A 75-year-old man with distal oesophageal squamous cell carcinoma underwent robotic Ivor–Lewis oesophagectomy following neoadjuvant chemoimmunotherapy in an institutional trial. Fifteen days post-operatively, he was readmitted with aspiration pneumonia, respiratory failure, and septic shock due to an intrathoracic anastomotic leak complicated by empyema and a tracheo-oesophageal fistula. The oesophagogastric anastomotic leak was located at the right apical intrathoracic anastomosis. Bronchoscopy demonstrated an airway defect at the carina approximately 4–5 cm from the intrathoracic anastomosis. Owing to the patient’s critical condition, elective airway planning and airway or oesophageal stenting were not feasible. Emergency surgery was undertaken using a staged approach. The first stage comprised pleural debridement and irrigation for empyema, complete diversion achieved by transection and closure of the oesophagus and gastric conduit both proximal and distal to the leak, and repair of the carinal defect.
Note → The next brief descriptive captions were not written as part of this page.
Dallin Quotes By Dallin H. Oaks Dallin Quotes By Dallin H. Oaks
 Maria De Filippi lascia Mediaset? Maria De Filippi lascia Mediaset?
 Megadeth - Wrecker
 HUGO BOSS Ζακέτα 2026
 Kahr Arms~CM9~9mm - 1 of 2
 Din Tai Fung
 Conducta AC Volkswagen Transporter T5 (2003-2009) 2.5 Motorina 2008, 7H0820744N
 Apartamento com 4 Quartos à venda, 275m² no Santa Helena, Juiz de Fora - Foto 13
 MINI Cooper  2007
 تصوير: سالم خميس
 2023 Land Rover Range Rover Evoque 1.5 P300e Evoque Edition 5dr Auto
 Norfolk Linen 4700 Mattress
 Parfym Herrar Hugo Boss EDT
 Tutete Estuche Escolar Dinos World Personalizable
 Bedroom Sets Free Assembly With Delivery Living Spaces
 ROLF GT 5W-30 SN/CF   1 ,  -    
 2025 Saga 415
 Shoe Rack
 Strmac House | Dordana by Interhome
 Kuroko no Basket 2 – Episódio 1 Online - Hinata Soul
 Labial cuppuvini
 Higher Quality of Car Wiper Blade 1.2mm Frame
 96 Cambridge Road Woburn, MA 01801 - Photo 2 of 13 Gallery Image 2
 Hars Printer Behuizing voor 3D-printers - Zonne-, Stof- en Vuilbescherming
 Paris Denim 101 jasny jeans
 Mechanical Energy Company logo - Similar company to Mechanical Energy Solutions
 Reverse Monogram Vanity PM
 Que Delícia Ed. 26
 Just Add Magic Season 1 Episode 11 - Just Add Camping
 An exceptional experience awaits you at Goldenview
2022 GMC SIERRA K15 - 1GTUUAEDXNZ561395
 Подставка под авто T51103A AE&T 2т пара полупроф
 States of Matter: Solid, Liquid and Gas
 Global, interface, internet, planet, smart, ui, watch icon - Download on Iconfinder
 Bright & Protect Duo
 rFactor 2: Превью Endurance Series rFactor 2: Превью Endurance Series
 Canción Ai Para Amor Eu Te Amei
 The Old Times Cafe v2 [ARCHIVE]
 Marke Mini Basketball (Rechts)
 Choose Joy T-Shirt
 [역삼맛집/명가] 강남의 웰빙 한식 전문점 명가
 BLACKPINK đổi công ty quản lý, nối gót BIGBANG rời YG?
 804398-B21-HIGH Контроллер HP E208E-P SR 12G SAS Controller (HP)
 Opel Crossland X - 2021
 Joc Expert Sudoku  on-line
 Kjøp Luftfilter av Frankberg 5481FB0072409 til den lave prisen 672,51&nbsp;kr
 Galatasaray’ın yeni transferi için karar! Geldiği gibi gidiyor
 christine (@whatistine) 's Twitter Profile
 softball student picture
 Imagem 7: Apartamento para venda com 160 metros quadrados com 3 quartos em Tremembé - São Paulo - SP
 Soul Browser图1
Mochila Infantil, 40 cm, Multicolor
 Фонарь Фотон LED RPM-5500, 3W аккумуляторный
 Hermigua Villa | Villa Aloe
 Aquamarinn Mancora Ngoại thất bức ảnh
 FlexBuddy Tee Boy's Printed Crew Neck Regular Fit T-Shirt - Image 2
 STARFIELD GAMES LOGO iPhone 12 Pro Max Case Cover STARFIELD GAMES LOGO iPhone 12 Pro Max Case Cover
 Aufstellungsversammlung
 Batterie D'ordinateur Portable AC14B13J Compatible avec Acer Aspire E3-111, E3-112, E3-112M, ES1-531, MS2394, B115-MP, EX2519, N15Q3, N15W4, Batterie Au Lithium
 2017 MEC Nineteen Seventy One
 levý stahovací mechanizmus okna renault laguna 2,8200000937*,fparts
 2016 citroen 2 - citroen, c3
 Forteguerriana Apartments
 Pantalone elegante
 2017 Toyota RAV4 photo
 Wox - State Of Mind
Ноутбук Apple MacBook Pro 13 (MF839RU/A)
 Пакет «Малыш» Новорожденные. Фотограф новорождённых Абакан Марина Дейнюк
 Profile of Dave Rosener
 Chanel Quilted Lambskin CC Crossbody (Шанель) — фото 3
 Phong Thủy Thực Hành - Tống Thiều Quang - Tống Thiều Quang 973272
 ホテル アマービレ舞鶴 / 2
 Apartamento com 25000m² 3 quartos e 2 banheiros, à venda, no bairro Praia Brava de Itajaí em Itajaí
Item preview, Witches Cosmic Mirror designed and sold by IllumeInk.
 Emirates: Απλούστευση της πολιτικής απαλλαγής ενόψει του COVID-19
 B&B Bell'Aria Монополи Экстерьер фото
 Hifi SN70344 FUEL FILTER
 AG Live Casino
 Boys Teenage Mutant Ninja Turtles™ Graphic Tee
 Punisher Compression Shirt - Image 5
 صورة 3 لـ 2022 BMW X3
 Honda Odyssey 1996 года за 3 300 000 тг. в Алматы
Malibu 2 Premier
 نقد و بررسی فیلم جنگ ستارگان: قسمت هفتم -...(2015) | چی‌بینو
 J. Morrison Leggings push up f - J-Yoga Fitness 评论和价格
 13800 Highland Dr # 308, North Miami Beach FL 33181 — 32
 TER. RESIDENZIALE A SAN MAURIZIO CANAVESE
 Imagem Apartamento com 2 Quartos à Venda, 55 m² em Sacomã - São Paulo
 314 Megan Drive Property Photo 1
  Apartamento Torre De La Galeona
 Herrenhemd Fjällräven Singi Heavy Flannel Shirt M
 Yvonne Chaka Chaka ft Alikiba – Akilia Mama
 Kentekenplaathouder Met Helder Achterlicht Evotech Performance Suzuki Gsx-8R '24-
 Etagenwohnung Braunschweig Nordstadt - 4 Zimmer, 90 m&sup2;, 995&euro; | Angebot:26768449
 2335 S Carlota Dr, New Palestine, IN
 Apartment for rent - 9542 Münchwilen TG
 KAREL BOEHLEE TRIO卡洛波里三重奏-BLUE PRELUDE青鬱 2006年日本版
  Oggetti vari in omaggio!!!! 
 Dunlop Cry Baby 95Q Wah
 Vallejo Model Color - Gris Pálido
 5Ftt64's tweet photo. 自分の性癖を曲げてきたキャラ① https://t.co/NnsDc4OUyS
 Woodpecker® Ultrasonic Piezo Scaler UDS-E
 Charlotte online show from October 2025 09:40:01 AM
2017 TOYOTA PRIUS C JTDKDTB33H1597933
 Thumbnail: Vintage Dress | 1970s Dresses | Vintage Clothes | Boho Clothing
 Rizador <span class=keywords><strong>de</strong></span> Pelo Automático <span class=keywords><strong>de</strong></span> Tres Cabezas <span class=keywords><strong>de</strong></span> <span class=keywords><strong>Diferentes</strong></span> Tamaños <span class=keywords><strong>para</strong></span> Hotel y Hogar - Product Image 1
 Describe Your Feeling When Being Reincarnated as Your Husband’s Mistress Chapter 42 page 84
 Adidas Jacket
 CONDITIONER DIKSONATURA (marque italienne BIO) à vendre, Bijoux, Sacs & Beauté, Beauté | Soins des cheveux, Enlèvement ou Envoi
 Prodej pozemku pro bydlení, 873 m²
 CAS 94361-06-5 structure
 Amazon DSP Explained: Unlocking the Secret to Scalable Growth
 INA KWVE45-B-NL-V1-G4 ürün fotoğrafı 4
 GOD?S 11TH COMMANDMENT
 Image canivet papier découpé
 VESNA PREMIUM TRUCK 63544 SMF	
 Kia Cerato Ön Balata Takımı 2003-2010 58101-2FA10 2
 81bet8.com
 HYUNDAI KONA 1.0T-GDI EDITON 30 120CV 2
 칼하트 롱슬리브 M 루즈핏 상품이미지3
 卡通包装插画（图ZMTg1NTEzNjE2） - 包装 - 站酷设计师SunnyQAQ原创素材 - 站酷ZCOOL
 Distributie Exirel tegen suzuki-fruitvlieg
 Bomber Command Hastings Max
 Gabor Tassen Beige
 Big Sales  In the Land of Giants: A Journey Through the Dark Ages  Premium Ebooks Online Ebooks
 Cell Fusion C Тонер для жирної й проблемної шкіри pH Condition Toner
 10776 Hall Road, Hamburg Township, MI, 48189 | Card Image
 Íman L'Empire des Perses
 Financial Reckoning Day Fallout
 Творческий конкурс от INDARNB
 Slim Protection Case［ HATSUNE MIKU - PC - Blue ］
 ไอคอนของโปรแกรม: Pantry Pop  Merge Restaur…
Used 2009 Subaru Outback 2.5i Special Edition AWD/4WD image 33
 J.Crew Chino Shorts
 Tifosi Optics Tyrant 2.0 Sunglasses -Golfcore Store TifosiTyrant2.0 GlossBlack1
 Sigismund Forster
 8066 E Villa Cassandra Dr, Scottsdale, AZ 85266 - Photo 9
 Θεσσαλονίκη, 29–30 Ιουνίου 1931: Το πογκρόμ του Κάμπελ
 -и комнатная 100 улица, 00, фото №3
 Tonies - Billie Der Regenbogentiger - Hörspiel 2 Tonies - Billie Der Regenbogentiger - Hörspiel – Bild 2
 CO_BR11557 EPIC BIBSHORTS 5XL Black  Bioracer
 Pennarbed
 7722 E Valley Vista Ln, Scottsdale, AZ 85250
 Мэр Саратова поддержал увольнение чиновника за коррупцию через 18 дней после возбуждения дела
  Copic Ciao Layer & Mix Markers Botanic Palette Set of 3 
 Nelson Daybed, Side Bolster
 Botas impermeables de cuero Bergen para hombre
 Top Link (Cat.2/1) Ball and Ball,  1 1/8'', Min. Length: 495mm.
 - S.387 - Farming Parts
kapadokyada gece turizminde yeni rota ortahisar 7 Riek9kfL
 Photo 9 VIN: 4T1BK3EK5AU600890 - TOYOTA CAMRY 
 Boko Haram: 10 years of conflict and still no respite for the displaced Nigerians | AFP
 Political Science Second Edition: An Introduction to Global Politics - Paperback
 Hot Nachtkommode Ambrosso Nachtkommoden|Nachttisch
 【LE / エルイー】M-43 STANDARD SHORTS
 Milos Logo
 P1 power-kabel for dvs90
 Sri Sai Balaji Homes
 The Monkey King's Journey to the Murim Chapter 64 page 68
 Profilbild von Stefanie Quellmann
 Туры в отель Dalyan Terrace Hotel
Following excision of approximately 2–3 mm of infected fistula margins, the defect was closed by suturing adjacent, well-perfused gastric conduit wall to the refreshed edges using interrupted 4 − 0 sutures. The second stage, performed after adequate infection control and nutritional and physical rehabilitation, involved retrosternal isoperistaltic colon interposition for definitive alimentary reconstruction. The patient recovered from staged procedures, resumed oral intake, and had no recurrent airway fistula on follow-up.

Conclusions

In selected critically ill patients with post-oesophagectomy airway fistula complicated by severe pleural or mediastinal contamination, and in whom conventional flap options are constrained, the adjacent viable gastric conduit wall may represent a pragmatic option for urgent airway closure as part of a staged salvage approach.